20hr Da Vinci Project



The first places I looked to to get an idea of what exactly I want to be doing (and why) were YouTube and Wikipedia. Not exactly the go-to place for highest of quality information, but for broad, big-picture understanding, there's nothing quite like these sources for diving into areas. After some reading and watching, I walked away with a few ideas.

Firstly, meditation (more accurately, the state of mind of someone in meditation) is a part of a larger set of different states of mind, ranging from sleep and dreaming, to hyperactive and on a drug-induced high. Meditation is a way of entering one particular state of mind, usually involving cutting off exteroception (senses of the outside world) and holding a single point of focus effortlessly.

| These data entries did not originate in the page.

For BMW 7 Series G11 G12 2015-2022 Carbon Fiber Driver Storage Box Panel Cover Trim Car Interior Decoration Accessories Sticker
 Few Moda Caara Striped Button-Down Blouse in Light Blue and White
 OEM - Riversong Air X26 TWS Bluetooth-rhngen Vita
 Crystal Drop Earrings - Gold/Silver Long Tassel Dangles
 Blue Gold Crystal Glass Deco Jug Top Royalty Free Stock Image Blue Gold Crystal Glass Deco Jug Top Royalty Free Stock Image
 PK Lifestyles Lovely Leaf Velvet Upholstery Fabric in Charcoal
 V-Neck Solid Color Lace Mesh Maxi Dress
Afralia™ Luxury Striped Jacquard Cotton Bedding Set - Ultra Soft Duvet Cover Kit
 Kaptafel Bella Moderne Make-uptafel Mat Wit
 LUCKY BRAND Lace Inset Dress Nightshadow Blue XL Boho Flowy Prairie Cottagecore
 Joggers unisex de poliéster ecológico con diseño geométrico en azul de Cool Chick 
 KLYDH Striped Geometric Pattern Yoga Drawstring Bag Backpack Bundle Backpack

I thought it would be best, at least in the learning process, to conceptualize meditation as a way of finding and being in a specific state of consciousness, probably somewhere between wake and sleep, and something akin to what I might call the "artist's euphoria". But alongside meditation, I thought it would also be interesting, for the next several weeks, to be mindful of my state of consciousness every day, as much as I can (without being disruptive to myself, obviously). So while the bulk of this experience will focus on meditation itself, I'll also try to make comments on conscious mindfulness as I explore that as well.

Turning to YouTube, I found a nice-looking set of recommendations for beginning to meditate every day. Specifically, I'm starting out with two tools. First is an iOS app called Headspace, which guides you through the process of daily meditation, and second is a tool call binaural beats, wherein low-frequency "beats" are sounded into both ears at slightly mismatched intervals, inducing a certain state of mind.

Lastly, I found it was essential to do it every day, at few specific times during the day. So I'll be starting out with meditating for 10-15 minutes right after I shower in the mornings, and see where that takes me.


The first days are always interesting when learning anything, but that's especially the case in trying something like meditation, where you're not even quite sure how to do it right, or if you're doing it properly when you are. And having the few resources and apps I talked about above really helped start on the right foot.

Specifically, I started with the Headspace app, that guided me through a first-time 10-minute session in an easy-to-follow for-dummies fashion. I won't spoil the details for you, but the app guides you through your headphones through the process of internalizing your mind and letting your thoughts go freely, among other things.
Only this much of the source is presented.